**What to do:**
Repeat the listing below word for word, minus the pictures.

**Supplied records:**
+++++

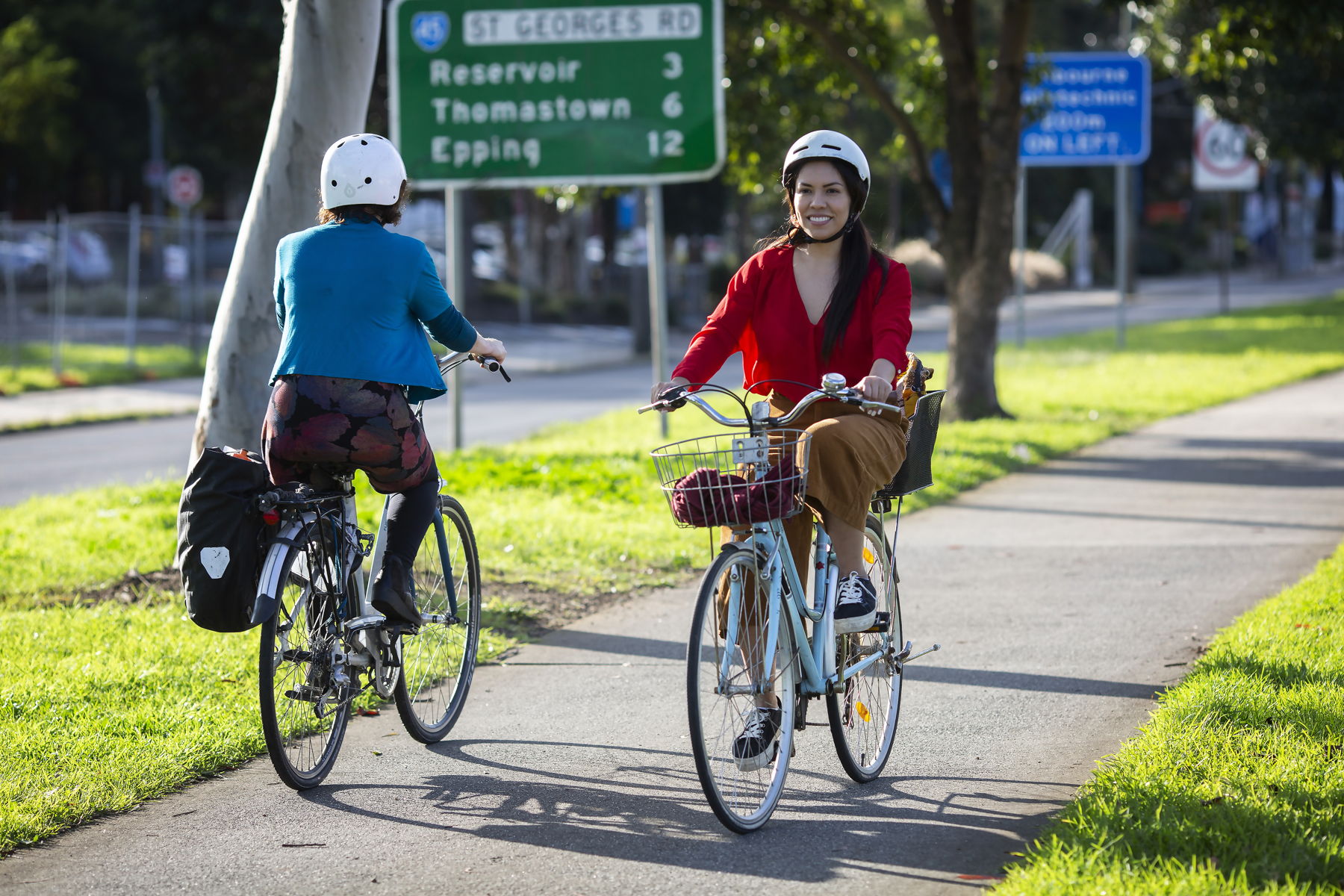 Woman riding her bicycle down a shared path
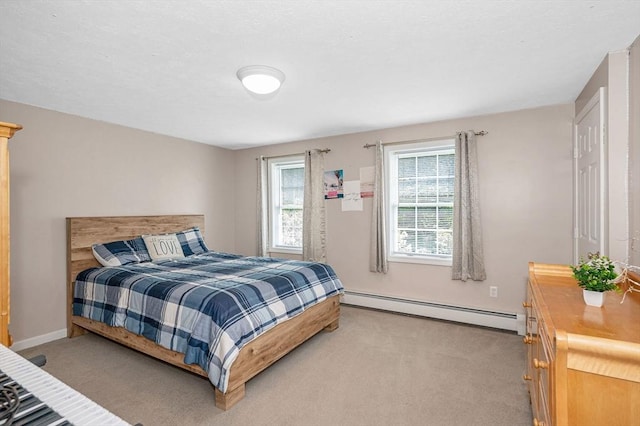 37 Sylvan Rd, Gardner, MA 01440 - bedroom featuring baseboard heating, light colored carpet, and baseboards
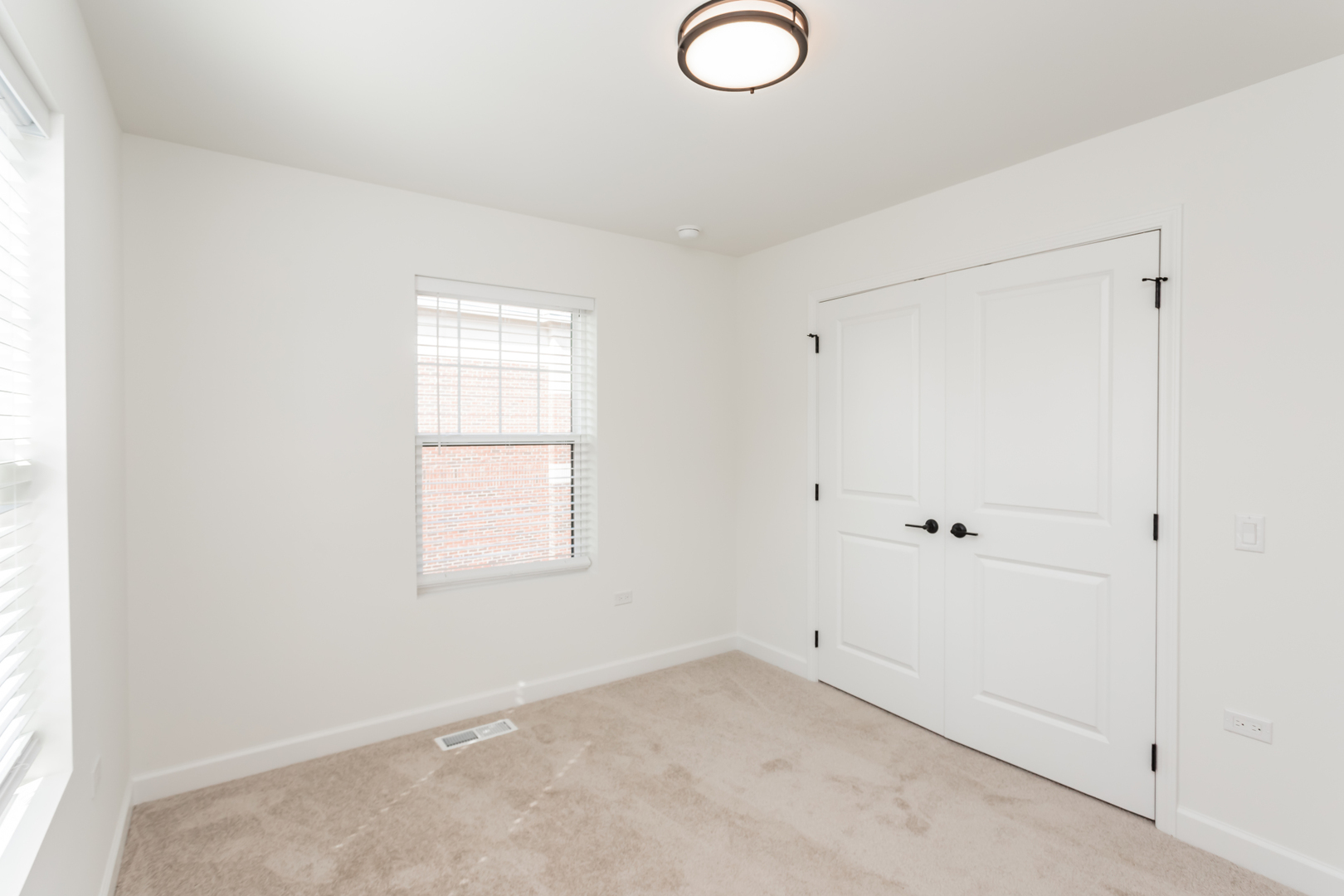 1432 North Naperville Wheaton Road, Unit 114 Naperville, IL 60563 - Photo 11 of 15 a view of a window in an empty room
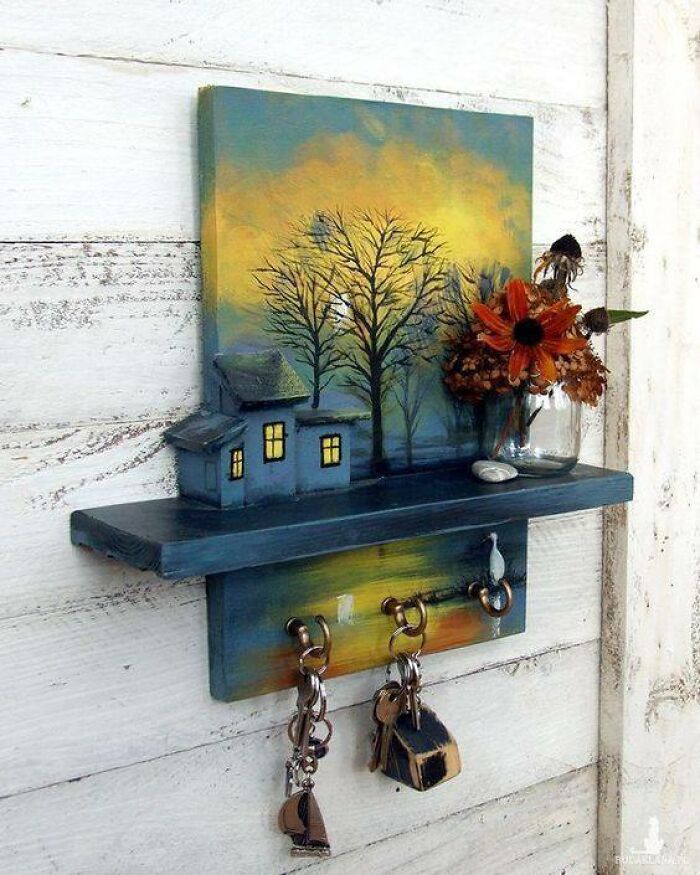 Woodworking project featuring a painted wooden shelf with key hooks, small house models, and a floral arrangement.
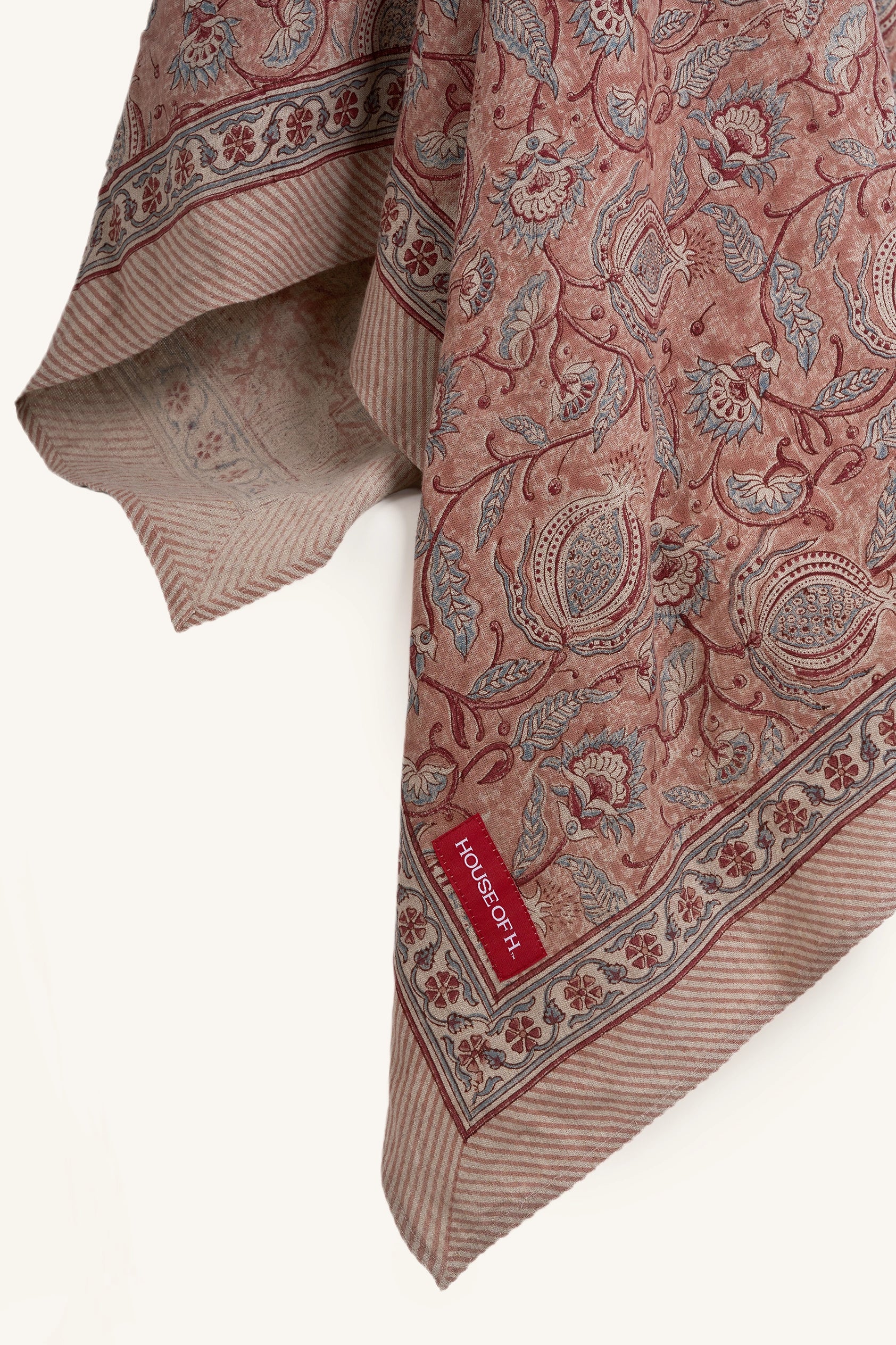 Close up of the pink floral hand block print European flax linen tablecloth.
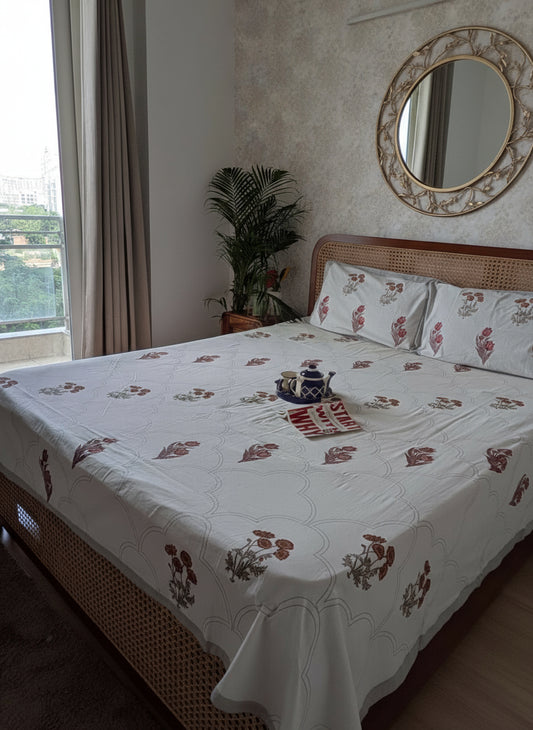 Bed with floral bedding in a room with a window and plant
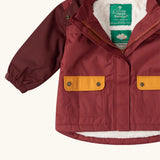 Close up of the pockets on the front of the Little Green Radicals berry purple recycled waterproof fleece lined winter coat.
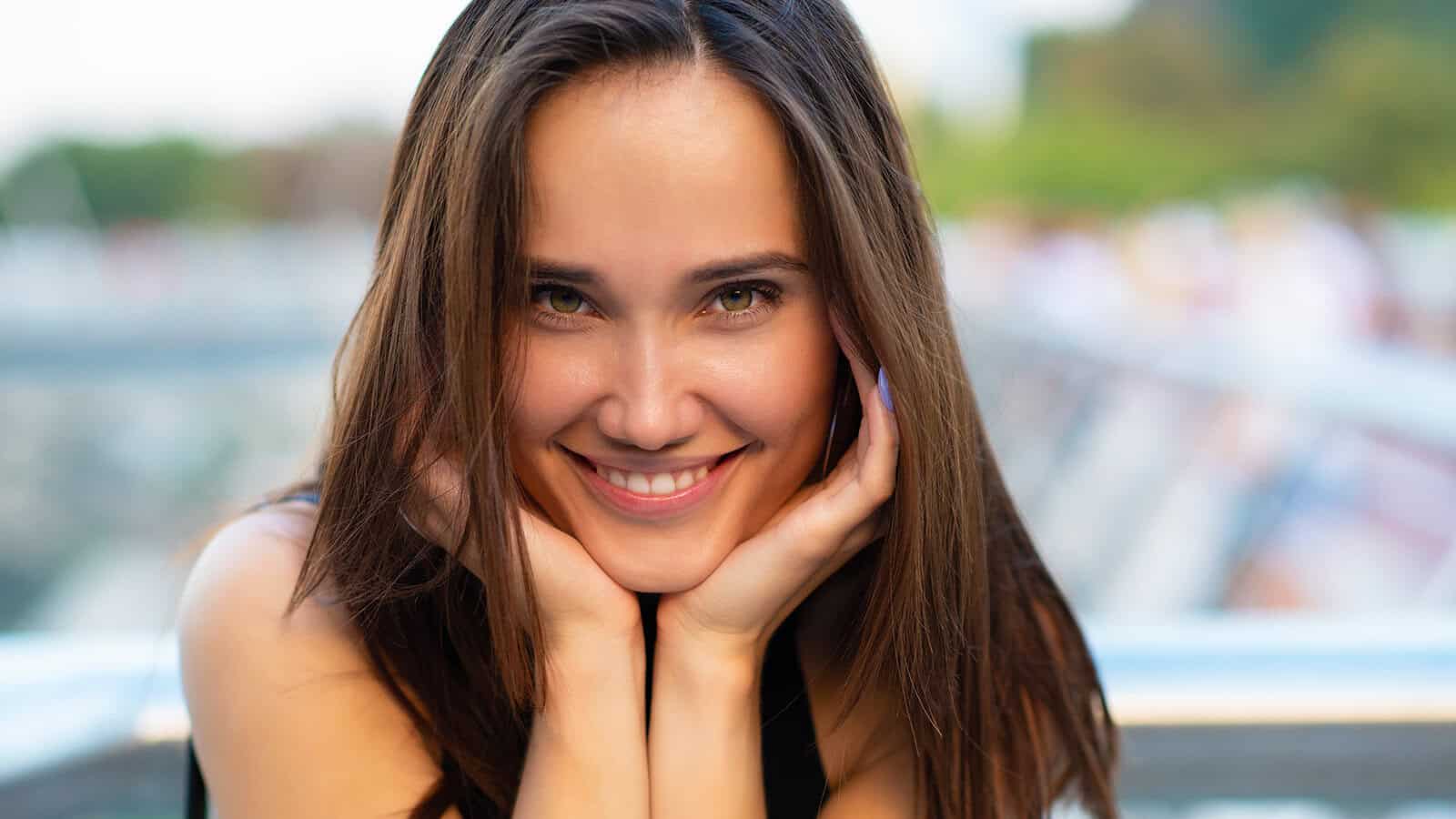 A woman with long brown hair smiles brightly, resting her chin on her hands, with a blurred outdoor background.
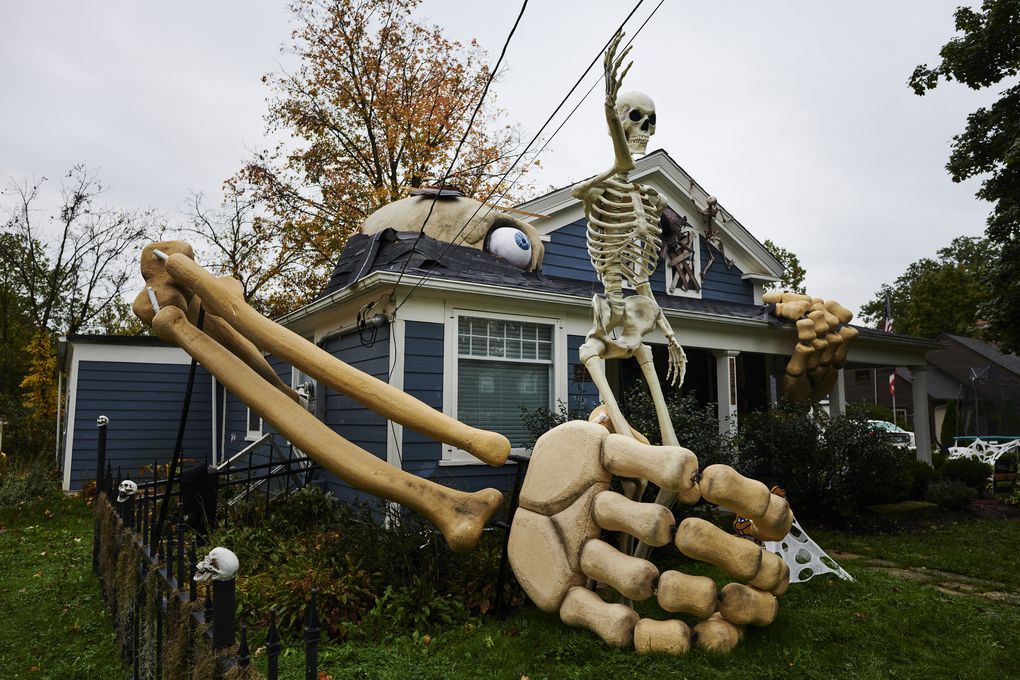 Skeletons and other Halloween decorations fill the yard in front of Alan Perkins’s home in Olmsted Falls, Ohio, on Oct. 22. (Photo for The Washington Post by Angelo Merendino)
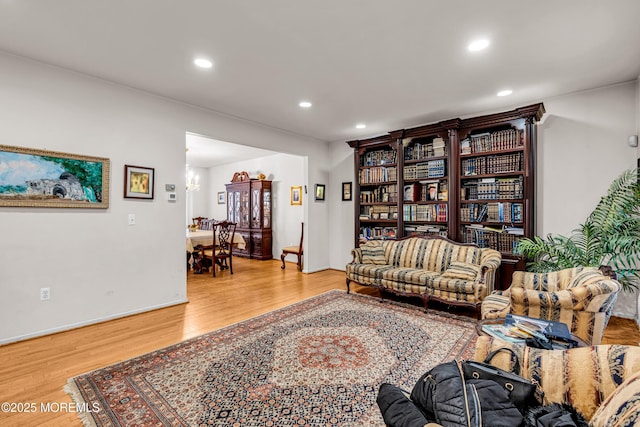 living area featuring baseboards, recessed lighting, and wood finished floors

+++++

**Solved exercise:**
 Woman riding her bicycle down a shared path
 37 Sylvan Rd, Gardner, MA 01440 - bedroom featuring baseboard heating, light colored carpet, and baseboards
 1432 North Naperville Wheaton Road, Unit 114 Naperville, IL 60563 - Photo 11 of 15 a view of a window in an empty room
 Woodworking project featuring a painted wooden shelf with key hooks, small house models, and a floral arrangement.
 Close up of the pink floral hand block print European flax linen tablecloth.
 Bed with floral bedding in a room with a window and plant
 Close up of the pockets on the front of the Little Green Radicals berry purple recycled waterproof fleece lined winter coat.
 A woman with long brown hair smiles brightly, resting her chin on her hands, with a blurred outdoor background.
 Skeletons and other Halloween decorations fill the yard in front of Alan Perkins’s home in Olmsted Falls, Ohio, on Oct. 22. (Photo for The Washington Post by Angelo Merendino)
 living area featuring baseboards, recessed lighting, and wood finished floors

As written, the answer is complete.